Cerca de 10 mil novos casos de tripanossomíase humana africana (HAT, na sigla em inglês), mais conhecida por doença do sono, são relatados a cada ano. No entanto, estima-se que muitos casos não são diagnosticados. A triagem da população em risco é um grande investimento, tanto em termos de número de pessoas necessárias para realizá-las como de materiais, muitas vezes escassos nas áreas da África onde a tripanossomíase é encontrada. Aproximadamente 65 milhões de pessoas na África subsaariana correm risco de moderado a muito alto de serem infectadas. Durante décadas, o único tratamento disponível foi o melarsoprol, um derivado do arsênico que matou 1 em cada 20 pacientes.A doença pode ser fatal se não tratada.

Em 2012, um estudo encabeçado pela Iniciativa de Medicamentos para Doenças Negligenciadas (DNDi, na sigla em inglês), permitiu o desenvolvimento do medicamento fexinidazol, totalmente oral e sem graves efeitos colaterais. Seu uso foi aprovado em novembro de 2018, representando uma nova página no tratamento da doença do sono. Em 2021, a Agência Nacional de Alimentos e Medicamentos (Food and Drug Administration, FDA, na sigla em inglês) aprovou o fexinidazol como o primeiro tratamento completamente oral para os dois estágios da doença do sono. Ele é indicado para a doença do sono causada pelo Trypanosoma brucei gambiense (g-HAT), a forma mais comum da doença na África ocidental e central, como um tratamento administrado uma vez ao dia durante 10 dias.

Um futuro de fácil acesso

Agora, um potencial tratamento contra a tripanossomíase africana humana de estágio 1 e estágio 2 causada por g-HAT pode curar a doença com dose única de um dia, o que vai simplificar a administração e fortalecer os esforços para a eliminação sustentada da doença do sono. Trata-se do acoziborol, um medicamento barato, seguro e eficaz administrado por via oral. O Dr. Wilfried Mutombo Kalonji, da República Democrática do Congo (RDC), líder de Projeto Clínico e Gerente Médico da DNDi, explica que o ensaio clínico principal de Fase II/III que avaliou a segurança e eficácia do fármaco em pacientes adultos e adolescentes com g-HAT foi concluído em 2020. Ele contou com 208 pacientes inscritos foi realizado em treze locais, doze na RDC e um na Guiné. Os resultados primários de segurança e eficácia são muito encorajadores. A publicação oficial será feita nos próximos meses, complementa. Posteriormente dois estudos clínicos adicionais para g-HAT foram lançados e estão sendo realizados na RDC e na Guiné: soropositivos e pediátricos.

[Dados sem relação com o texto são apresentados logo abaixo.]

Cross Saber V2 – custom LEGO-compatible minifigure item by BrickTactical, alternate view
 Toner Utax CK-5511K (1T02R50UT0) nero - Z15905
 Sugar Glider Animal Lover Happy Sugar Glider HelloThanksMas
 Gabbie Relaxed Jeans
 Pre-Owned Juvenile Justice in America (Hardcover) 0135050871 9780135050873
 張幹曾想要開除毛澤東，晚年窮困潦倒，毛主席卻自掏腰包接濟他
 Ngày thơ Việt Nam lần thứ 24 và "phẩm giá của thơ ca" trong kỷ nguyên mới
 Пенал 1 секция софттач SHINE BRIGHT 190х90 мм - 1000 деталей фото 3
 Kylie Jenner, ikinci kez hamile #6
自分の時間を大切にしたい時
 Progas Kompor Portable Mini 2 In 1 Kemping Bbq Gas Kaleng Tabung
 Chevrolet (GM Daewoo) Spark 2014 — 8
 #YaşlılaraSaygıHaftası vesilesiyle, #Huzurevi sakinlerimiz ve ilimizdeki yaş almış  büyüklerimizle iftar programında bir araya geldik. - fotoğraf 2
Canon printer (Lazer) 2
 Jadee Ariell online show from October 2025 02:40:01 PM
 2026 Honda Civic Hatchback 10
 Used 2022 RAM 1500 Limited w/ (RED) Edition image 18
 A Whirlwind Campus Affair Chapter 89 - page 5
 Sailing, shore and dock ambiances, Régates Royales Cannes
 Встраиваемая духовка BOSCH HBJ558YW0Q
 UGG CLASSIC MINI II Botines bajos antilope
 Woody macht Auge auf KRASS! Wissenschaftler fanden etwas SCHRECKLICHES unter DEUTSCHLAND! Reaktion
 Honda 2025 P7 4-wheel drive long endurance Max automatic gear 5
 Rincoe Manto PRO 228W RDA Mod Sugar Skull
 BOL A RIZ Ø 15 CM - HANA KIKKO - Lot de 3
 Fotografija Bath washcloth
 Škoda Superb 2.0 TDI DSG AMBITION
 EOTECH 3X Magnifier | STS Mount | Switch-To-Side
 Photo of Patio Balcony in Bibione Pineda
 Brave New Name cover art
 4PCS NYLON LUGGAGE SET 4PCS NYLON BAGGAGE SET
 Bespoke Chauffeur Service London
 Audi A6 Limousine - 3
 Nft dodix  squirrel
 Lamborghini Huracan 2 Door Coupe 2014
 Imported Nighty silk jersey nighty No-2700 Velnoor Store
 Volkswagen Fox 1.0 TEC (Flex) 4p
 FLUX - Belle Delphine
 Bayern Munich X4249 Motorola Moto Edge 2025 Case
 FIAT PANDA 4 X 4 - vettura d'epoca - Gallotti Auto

Questionado se foram realizados estudos não clínicos adicionais para atender aos requisitos da Agência Europeia de Medicamentos (EMA, na sigla em inglês) e da Food and Drug Administration (FDA na sigla em inglês), o pesquisador afirma que sim. “O FDA solicitou um estudo de toxicidade adicional de 3 meses em 2 espécies (rato e cães) com doses acima da exposição observada em humanos. Este estudo está concluído, não foram observadas novas situações que necessitem de supervisão em humanos. Estudos complementares in-silico foram realizados (exploração do SymCYP, modelagem GastroPlus) para fins de registro. Um estudo de interação medicamentosa está planejado para iniciar em voluntários saudáveis no segundo trimestre de 2022”, detalha. Sobre a expectativa para que o medicamento receba luz verde regulatória, o Dr. Kalonji diz que o dossiê será submetido à EMA para parecer científico e à autoridade regulatória na RDC para ter a autorização de mercado e ser incluída nas diretrizes da Organização Mundial da Saúde (OMS) para tratamento com g-HAT e eliminação sustentada da transmissão até 2030. “Estamos comprometidos com a OMS a eliminar o HAT até 2030”, enfatiza.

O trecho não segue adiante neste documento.